(Stored records)
=-=-=

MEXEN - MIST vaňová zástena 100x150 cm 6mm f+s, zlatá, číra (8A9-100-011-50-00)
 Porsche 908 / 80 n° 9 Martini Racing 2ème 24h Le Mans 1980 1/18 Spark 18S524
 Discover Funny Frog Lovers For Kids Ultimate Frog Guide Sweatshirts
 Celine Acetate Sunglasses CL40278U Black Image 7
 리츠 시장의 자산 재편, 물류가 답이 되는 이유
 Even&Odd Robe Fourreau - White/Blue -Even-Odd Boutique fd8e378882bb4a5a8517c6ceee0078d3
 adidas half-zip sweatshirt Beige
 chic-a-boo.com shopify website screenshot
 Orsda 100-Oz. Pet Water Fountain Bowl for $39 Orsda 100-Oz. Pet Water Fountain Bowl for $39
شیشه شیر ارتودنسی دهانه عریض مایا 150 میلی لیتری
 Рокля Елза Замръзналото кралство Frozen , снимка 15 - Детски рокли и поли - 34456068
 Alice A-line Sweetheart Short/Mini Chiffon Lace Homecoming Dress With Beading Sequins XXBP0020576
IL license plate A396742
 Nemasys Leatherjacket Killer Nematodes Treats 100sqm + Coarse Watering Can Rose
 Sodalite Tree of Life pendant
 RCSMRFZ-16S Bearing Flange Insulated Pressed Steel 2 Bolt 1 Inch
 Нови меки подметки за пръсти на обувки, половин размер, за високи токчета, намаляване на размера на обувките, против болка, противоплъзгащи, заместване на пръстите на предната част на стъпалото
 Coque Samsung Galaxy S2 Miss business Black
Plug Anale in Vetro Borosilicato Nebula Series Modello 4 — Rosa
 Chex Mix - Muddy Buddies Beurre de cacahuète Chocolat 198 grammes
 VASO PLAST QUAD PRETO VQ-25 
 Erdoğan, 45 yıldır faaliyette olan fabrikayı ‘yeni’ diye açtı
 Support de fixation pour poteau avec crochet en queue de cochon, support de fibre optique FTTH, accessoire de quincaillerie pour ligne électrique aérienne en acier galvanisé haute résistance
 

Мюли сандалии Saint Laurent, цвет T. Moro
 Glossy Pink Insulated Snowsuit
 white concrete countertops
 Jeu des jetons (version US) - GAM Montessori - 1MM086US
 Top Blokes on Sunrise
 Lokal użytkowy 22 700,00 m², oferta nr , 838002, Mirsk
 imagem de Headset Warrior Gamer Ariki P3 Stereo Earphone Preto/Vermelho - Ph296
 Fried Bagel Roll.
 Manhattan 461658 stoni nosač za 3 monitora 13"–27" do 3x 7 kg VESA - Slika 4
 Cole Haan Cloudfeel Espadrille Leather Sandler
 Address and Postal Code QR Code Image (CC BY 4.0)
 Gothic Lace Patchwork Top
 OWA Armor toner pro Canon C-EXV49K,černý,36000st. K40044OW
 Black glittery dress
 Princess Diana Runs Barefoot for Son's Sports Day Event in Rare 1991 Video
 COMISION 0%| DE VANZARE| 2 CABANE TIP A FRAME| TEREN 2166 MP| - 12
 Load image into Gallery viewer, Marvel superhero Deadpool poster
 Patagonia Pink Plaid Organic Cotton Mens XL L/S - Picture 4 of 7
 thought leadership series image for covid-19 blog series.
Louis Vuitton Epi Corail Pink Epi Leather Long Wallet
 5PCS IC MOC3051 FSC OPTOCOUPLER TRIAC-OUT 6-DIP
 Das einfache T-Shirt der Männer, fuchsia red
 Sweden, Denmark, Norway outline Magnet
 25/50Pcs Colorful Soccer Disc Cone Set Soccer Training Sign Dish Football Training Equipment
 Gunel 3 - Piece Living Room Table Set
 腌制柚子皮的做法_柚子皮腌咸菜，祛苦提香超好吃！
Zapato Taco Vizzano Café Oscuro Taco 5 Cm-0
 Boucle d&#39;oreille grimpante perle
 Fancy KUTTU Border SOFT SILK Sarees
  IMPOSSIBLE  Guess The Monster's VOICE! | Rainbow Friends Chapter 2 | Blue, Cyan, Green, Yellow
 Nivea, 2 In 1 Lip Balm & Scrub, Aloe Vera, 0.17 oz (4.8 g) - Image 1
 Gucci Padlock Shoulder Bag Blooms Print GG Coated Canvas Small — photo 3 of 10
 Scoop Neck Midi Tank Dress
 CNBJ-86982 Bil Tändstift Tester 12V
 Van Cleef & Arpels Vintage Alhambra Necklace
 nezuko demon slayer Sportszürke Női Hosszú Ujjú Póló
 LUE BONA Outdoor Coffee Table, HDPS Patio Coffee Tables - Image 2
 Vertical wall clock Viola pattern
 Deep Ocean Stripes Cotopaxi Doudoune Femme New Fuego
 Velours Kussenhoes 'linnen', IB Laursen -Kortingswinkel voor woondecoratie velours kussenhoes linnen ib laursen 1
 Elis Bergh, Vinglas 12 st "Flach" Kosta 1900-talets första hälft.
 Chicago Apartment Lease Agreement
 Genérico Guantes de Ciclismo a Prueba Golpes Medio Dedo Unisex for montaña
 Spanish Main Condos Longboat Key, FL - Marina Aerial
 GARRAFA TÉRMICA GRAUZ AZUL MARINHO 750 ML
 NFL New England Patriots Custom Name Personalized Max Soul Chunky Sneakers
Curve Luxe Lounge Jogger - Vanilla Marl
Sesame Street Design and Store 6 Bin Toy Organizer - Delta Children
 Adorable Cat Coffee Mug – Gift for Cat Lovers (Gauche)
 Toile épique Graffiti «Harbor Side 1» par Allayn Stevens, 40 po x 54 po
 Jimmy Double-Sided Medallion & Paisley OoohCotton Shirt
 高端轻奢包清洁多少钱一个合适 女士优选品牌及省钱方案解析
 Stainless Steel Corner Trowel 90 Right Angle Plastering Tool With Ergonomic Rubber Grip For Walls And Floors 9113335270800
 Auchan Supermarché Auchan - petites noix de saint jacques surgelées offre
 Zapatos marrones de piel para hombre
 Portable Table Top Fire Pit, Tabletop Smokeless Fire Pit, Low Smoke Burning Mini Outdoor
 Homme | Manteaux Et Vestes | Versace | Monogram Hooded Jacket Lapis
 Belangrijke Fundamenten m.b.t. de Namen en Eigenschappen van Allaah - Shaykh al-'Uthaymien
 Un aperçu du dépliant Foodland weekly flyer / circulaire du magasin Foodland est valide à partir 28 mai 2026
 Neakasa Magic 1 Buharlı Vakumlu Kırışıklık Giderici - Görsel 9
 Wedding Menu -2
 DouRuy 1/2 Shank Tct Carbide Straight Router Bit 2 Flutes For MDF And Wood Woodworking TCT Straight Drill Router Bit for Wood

=-=-=

- Assigned task:
Output every record without changing any wording.

- Exercise result:
MEXEN - MIST vaňová zástena 100x150 cm 6mm f+s, zlatá, číra (8A9-100-011-50-00)
 Porsche 908 / 80 n° 9 Martini Racing 2ème 24h Le Mans 1980 1/18 Spark 18S524
 Discover Funny Frog Lovers For Kids Ultimate Frog Guide Sweatshirts
 Celine Acetate Sunglasses CL40278U Black Image 7
 리츠 시장의 자산 재편, 물류가 답이 되는 이유
 Even&Odd Robe Fourreau - White/Blue -Even-Odd Boutique fd8e378882bb4a5a8517c6ceee0078d3
 adidas half-zip sweatshirt Beige
 chic-a-boo.com shopify website screenshot
 Orsda 100-Oz. Pet Water Fountain Bowl for $39 Orsda 100-Oz. Pet Water Fountain Bowl for $39
شیشه شیر ارتودنسی دهانه عریض مایا 150 میلی لیتری
 Рокля Елза Замръзналото кралство Frozen , снимка 15 - Детски рокли и поли - 34456068
 Alice A-line Sweetheart Short/Mini Chiffon Lace Homecoming Dress With Beading Sequins XXBP0020576
IL license plate A396742
 Nemasys Leatherjacket Killer Nematodes Treats 100sqm + Coarse Watering Can Rose
 Sodalite Tree of Life pendant
 RCSMRFZ-16S Bearing Flange Insulated Pressed Steel 2 Bolt 1 Inch
 Нови меки подметки за пръсти на обувки, половин размер, за високи токчета, намаляване на размера на обувките, против болка, противоплъзгащи, заместване на пръстите на предната част на стъпалото
 Coque Samsung Galaxy S2 Miss business Black
Plug Anale in Vetro Borosilicato Nebula Series Modello 4 — Rosa
 Chex Mix - Muddy Buddies Beurre de cacahuète Chocolat 198 grammes
 VASO PLAST QUAD PRETO VQ-25 
 Erdoğan, 45 yıldır faaliyette olan fabrikayı ‘yeni’ diye açtı
 Support de fixation pour poteau avec crochet en queue de cochon, support de fibre optique FTTH, accessoire de quincaillerie pour ligne électrique aérienne en acier galvanisé haute résistance
 

Мюли сандалии Saint Laurent, цвет T. Moro
 Glossy Pink Insulated Snowsuit
 white concrete countertops
 Jeu des jetons (version US) - GAM Montessori - 1MM086US
 Top Blokes on Sunrise
 Lokal użytkowy 22 700,00 m², oferta nr , 838002, Mirsk
 imagem de Headset Warrior Gamer Ariki P3 Stereo Earphone Preto/Vermelho - Ph296
 Fried Bagel Roll.
 Manhattan 461658 stoni nosač za 3 monitora 13"–27" do 3x 7 kg VESA - Slika 4
 Cole Haan Cloudfeel Espadrille Leather Sandler
 Address and Postal Code QR Code Image (CC BY 4.0)
 Gothic Lace Patchwork Top
 OWA Armor toner pro Canon C-EXV49K,černý,36000st. K40044OW
 Black glittery dress
 Princess Diana Runs Barefoot for Son's Sports Day Event in Rare 1991 Video
 COMISION 0%| DE VANZARE| 2 CABANE TIP A FRAME| TEREN 2166 MP| - 12
 Load image into Gallery viewer, Marvel superhero Deadpool poster
 Patagonia Pink Plaid Organic Cotton Mens XL L/S - Picture 4 of 7
 thought leadership series image for covid-19 blog series.
Louis Vuitton Epi Corail Pink Epi Leather Long Wallet
 5PCS IC MOC3051 FSC OPTOCOUPLER TRIAC-OUT 6-DIP
 Das einfache T-Shirt der Männer, fuchsia red
 Sweden, Denmark, Norway outline Magnet
 25/50Pcs Colorful Soccer Disc Cone Set Soccer Training Sign Dish Football Training Equipment
 Gunel 3 - Piece Living Room Table Set
 腌制柚子皮的做法_柚子皮腌咸菜，祛苦提香超好吃！
Zapato Taco Vizzano Café Oscuro Taco 5 Cm-0
 Boucle d&#39;oreille grimpante perle
 Fancy KUTTU Border SOFT SILK Sarees
  IMPOSSIBLE  Guess The Monster's VOICE! | Rainbow Friends Chapter 2 | Blue, Cyan, Green, Yellow
 Nivea, 2 In 1 Lip Balm & Scrub, Aloe Vera, 0.17 oz (4.8 g) - Image 1
 Gucci Padlock Shoulder Bag Blooms Print GG Coated Canvas Small — photo 3 of 10
 Scoop Neck Midi Tank Dress
 CNBJ-86982 Bil Tändstift Tester 12V
 Van Cleef & Arpels Vintage Alhambra Necklace
 nezuko demon slayer Sportszürke Női Hosszú Ujjú Póló
 LUE BONA Outdoor Coffee Table, HDPS Patio Coffee Tables - Image 2
 Vertical wall clock Viola pattern
 Deep Ocean Stripes Cotopaxi Doudoune Femme New Fuego
 Velours Kussenhoes 'linnen', IB Laursen -Kortingswinkel voor woondecoratie velours kussenhoes linnen ib laursen 1
 Elis Bergh, Vinglas 12 st "Flach" Kosta 1900-talets första hälft.
 Chicago Apartment Lease Agreement
 Genérico Guantes de Ciclismo a Prueba Golpes Medio Dedo Unisex for montaña
 Spanish Main Condos Longboat Key, FL - Marina Aerial
 GARRAFA TÉRMICA GRAUZ AZUL MARINHO 750 ML
 NFL New England Patriots Custom Name Personalized Max Soul Chunky Sneakers
Curve Luxe Lounge Jogger - Vanilla Marl
Sesame Street Design and Store 6 Bin Toy Organizer - Delta Children
 Adorable Cat Coffee Mug – Gift for Cat Lovers (Gauche)
 Toile épique Graffiti «Harbor Side 1» par Allayn Stevens, 40 po x 54 po
 Jimmy Double-Sided Medallion & Paisley OoohCotton Shirt
 高端轻奢包清洁多少钱一个合适 女士优选品牌及省钱方案解析
 Stainless Steel Corner Trowel 90 Right Angle Plastering Tool With Ergonomic Rubber Grip For Walls And Floors 9113335270800
 Auchan Supermarché Auchan - petites noix de saint jacques surgelées offre
 Zapatos marrones de piel para hombre
 Portable Table Top Fire Pit, Tabletop Smokeless Fire Pit, Low Smoke Burning Mini Outdoor
 Homme | Manteaux Et Vestes | Versace | Monogram Hooded Jacket Lapis
 Belangrijke Fundamenten m.b.t. de Namen en Eigenschappen van Allaah - Shaykh al-'Uthaymien
 Un aperçu du dépliant Foodland weekly flyer / circulaire du magasin Foodland est valide à partir 28 mai 2026
 Neakasa Magic 1 Buharlı Vakumlu Kırışıklık Giderici - Görsel 9
 Wedding Menu -2
 DouRuy 1/2 Shank Tct Carbide Straight Router Bit 2 Flutes For MDF And Wood Woodworking TCT Straight Drill Router Bit for Wood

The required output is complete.